Artists obtain their stone by traveling by canoe or
sled to quarries known to contain good quality stone.
This one is very shallow and extracting carving stone
by hand is relatively easy. Some quarries become deep
pits after several years of use and extracting stone
is then more difficult and dangerous. Carvers mining
stone will often work in teams for security.
Sculptors will bring back several pieces of stone
from a mining trip. The shape of a block of stone
often tells the artist what his subject might be.
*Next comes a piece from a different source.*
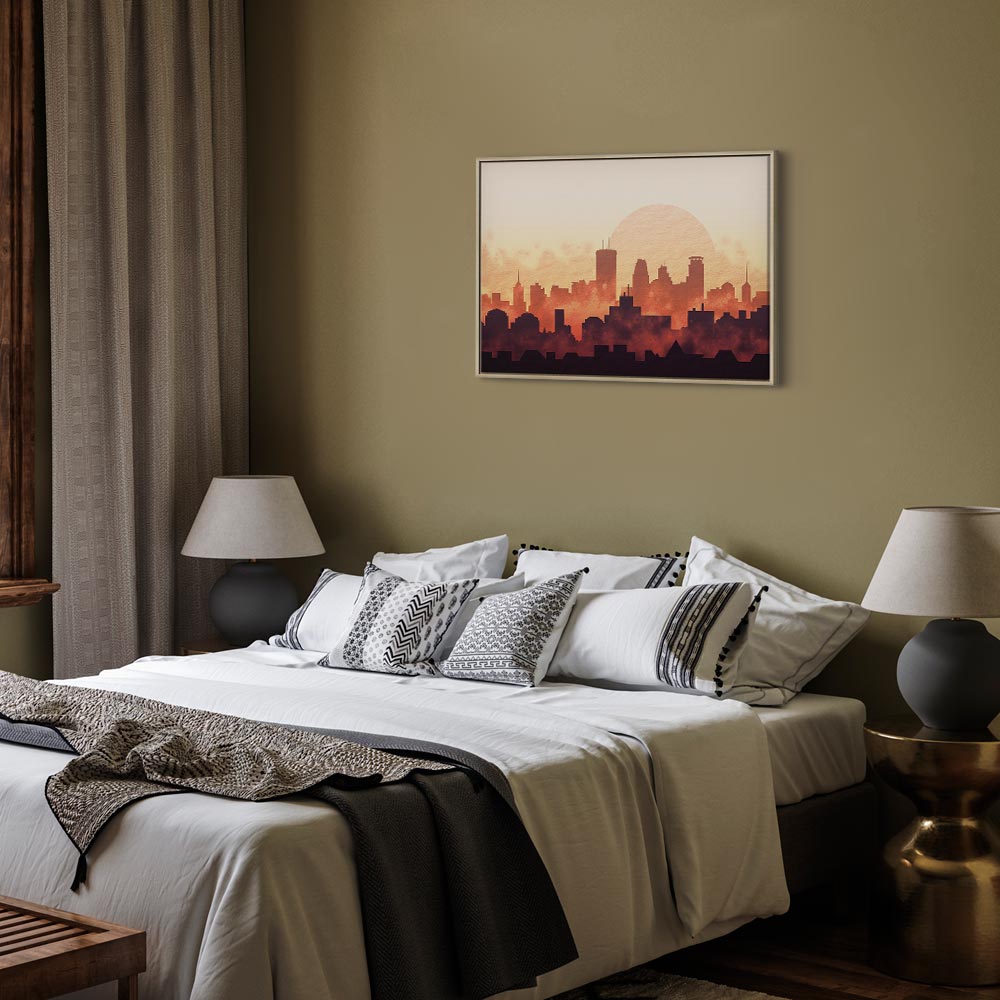 City Skyline Panorama Wide Canvas Print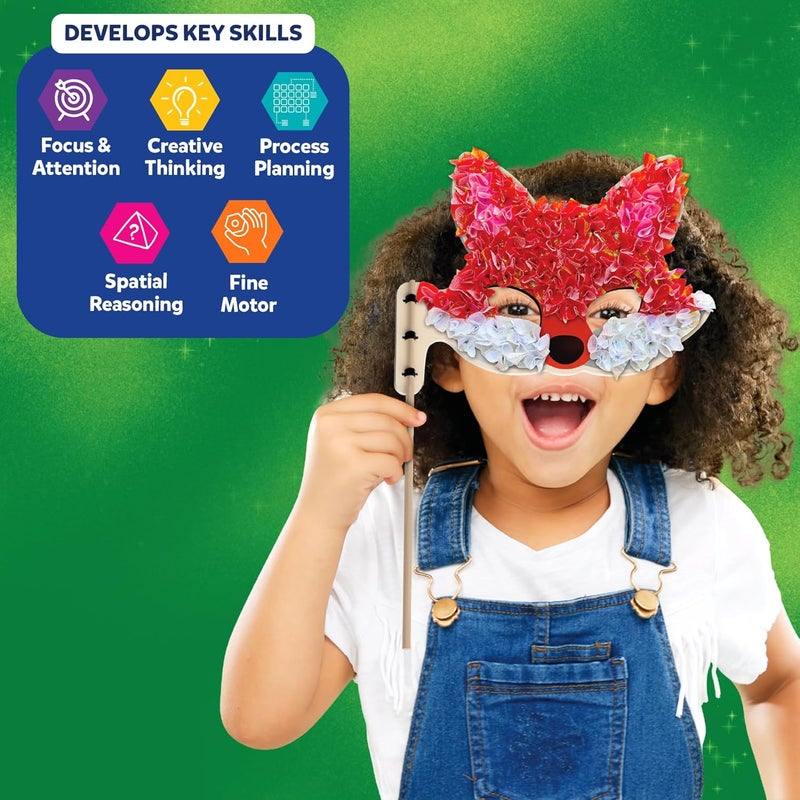Skillmatics Poke-in Art - Animal Masks, Mess-Free Fun for Kids, DIY Wood Craft Kits, Creative Activity, Gifts for Girls & Boys Ages 4, 5, 6, 7, 8, 9 - Image 5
Useless parts are sawed or chopped off as a first
step in the making of a sculpture.
A shape emerges
With a practiced hand, the artist will begin to chip
away at the stone until a rough shape begins to
appear. As work progresses, smaller carving tools
made or modified by the artist to work the stone in
constrained areas are used.
Cutting and shaping
Often, a lot of the work that will go into
the making of a sculpture is in the detailing. This can
start fairly early in the carving process. The stone
being used here is
which is well suited
to complex work. The artist is using a chisel to cut
through and shape the stone.
Smoothing the stone
The sculptor has begun to smooth the stone with
sandpaper. There are many steps to polishing as finer
and finer grades of abrasive must be used in order to
reveal the beauty of the stone. Bone pieces have been
fitted to the runners of this piece in an effort to
be as true to reality as possible.
All the details have been added and the artist is
giving the stone its final polish. It is hard to
estimate the time needed to carve such a piece since
artists will often make several smaller pieces as
they work on a large one. This one was ready 6 weeks
after the block it came from was first cut.